C99 presents an enumeration of all the sequence points in annex C. There is one at the end of

a[a[0]] = 1;

because it is a complete expression statement, but there are no sequence points inside. Although logic dictates that the subexpression a[0] must be evaluated first, and the result used to determine to which array element the value is assigned, the sequencing rules do not ensure it. When the initial value of a[0] is 0, a[0] is both read and written between two sequence points, and the read is not for the purpose of determining what value to write. Per C99 6.5/2, the behavior of evaluating the expression is therefore undefined, but in practice I don't think you need to worry about it.

C11 is better in this regard. Section 6.5, paragraph (1) says

An expression is a sequence of operators and operands that specifies computation of a value, or that designates an object or a function, or that generates side effects, or that performs a combination thereof. The value computations of the operands of an operator are sequenced before the value computation of the result of the operator.

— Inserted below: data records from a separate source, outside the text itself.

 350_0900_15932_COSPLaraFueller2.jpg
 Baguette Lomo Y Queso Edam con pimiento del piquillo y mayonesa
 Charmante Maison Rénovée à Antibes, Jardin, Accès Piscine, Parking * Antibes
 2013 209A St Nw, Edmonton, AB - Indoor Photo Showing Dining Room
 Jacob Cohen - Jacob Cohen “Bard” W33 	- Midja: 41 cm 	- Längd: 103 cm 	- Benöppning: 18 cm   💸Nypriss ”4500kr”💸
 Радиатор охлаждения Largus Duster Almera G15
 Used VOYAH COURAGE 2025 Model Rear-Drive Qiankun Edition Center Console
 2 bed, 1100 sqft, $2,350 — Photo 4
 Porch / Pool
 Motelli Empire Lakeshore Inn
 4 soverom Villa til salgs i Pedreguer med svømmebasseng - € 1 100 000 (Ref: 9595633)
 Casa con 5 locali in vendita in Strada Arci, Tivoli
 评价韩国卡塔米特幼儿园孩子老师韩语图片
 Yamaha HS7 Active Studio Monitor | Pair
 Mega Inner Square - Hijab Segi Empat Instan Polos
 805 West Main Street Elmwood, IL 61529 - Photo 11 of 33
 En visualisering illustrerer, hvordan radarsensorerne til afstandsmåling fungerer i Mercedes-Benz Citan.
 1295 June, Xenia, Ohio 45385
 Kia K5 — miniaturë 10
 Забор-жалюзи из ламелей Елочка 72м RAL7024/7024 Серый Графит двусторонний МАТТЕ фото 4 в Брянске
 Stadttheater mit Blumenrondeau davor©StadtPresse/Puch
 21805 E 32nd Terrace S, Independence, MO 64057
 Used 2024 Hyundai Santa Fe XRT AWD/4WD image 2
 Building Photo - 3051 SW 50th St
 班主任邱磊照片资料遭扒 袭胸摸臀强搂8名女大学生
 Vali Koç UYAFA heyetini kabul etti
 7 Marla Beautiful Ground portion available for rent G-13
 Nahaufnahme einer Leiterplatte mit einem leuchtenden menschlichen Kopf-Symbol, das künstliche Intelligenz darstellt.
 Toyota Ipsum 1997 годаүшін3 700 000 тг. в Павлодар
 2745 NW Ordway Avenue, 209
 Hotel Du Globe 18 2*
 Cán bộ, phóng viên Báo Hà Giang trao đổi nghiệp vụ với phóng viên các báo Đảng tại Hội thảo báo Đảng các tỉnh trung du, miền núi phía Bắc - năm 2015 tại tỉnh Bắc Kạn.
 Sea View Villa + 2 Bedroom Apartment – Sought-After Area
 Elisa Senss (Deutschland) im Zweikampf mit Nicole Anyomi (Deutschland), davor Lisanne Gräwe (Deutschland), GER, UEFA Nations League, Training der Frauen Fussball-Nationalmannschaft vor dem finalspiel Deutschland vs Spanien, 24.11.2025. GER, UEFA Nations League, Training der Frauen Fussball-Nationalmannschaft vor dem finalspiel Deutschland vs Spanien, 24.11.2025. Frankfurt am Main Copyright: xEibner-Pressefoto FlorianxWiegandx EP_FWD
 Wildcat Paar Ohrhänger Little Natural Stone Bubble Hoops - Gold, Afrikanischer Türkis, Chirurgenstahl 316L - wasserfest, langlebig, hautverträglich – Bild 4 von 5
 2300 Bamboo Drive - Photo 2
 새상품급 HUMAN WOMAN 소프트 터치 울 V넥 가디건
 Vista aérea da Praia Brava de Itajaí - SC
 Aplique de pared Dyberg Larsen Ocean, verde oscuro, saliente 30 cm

Note in particular the second sentence, which has no analogue in C99. You might think that would be sufficient, but it isn't. It applies to the value computations, but it says nothing about the sequencing of side effects relative to the value computations. Updating the value of the left operand is a side effect, so that extra sentence does not directly apply.

C11 nevertheless comes through for us on this one, as the specifications for the assignment operators provide the needed sequencing (C11 6.5.16(3)):

[...] The side effect of updating the stored value of the left operand is sequenced after the value computations of the left and right operands. The evaluations of the operands are unsequenced.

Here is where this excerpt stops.